Work order:
Write out exactly the lines below that run from the line containing "Safari Ltd Figura" through the last line of the records.

______

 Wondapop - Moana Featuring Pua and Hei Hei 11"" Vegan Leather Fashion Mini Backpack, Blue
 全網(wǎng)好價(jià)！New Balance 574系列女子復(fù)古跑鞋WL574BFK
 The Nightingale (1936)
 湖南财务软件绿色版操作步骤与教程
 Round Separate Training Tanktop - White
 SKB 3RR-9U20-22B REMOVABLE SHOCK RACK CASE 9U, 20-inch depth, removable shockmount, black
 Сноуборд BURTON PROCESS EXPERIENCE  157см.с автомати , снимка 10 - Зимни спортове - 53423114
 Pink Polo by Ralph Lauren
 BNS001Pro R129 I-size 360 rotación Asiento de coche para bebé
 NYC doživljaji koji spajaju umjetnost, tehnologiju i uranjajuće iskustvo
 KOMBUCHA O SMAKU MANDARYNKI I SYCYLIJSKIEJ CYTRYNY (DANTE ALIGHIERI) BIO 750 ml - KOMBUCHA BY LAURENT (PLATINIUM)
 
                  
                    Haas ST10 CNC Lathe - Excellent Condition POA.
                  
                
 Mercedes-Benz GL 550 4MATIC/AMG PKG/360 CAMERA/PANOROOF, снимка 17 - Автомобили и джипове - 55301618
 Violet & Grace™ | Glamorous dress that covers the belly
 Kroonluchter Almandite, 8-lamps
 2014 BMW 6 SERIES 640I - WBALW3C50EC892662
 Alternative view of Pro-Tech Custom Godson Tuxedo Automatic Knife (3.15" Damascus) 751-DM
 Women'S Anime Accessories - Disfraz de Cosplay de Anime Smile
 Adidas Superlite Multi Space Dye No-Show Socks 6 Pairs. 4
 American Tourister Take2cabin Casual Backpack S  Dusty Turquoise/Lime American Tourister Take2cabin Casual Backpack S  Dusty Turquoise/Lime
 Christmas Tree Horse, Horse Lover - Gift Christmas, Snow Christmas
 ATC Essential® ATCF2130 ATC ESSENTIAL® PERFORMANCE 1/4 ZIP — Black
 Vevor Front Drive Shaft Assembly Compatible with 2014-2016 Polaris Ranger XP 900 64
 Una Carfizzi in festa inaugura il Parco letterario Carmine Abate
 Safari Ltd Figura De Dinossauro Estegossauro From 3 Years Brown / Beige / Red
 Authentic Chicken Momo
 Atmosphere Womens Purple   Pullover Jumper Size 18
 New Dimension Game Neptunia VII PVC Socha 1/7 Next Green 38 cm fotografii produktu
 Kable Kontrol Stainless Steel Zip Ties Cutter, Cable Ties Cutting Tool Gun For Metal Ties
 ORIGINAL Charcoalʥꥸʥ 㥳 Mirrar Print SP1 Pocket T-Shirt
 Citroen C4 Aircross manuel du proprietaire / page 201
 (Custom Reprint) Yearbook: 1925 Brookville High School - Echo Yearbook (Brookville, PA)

______

Solution below:
 Safari Ltd Figura De Dinossauro Estegossauro From 3 Years Brown / Beige / Red
 Authentic Chicken Momo
 Atmosphere Womens Purple   Pullover Jumper Size 18
 New Dimension Game Neptunia VII PVC Socha 1/7 Next Green 38 cm fotografii produktu
 Kable Kontrol Stainless Steel Zip Ties Cutter, Cable Ties Cutting Tool Gun For Metal Ties
 ORIGINAL Charcoalʥꥸʥ 㥳 Mirrar Print SP1 Pocket T-Shirt
 Citroen C4 Aircross manuel du proprietaire / page 201
 (Custom Reprint) Yearbook: 1925 Brookville High School - Echo Yearbook (Brookville, PA)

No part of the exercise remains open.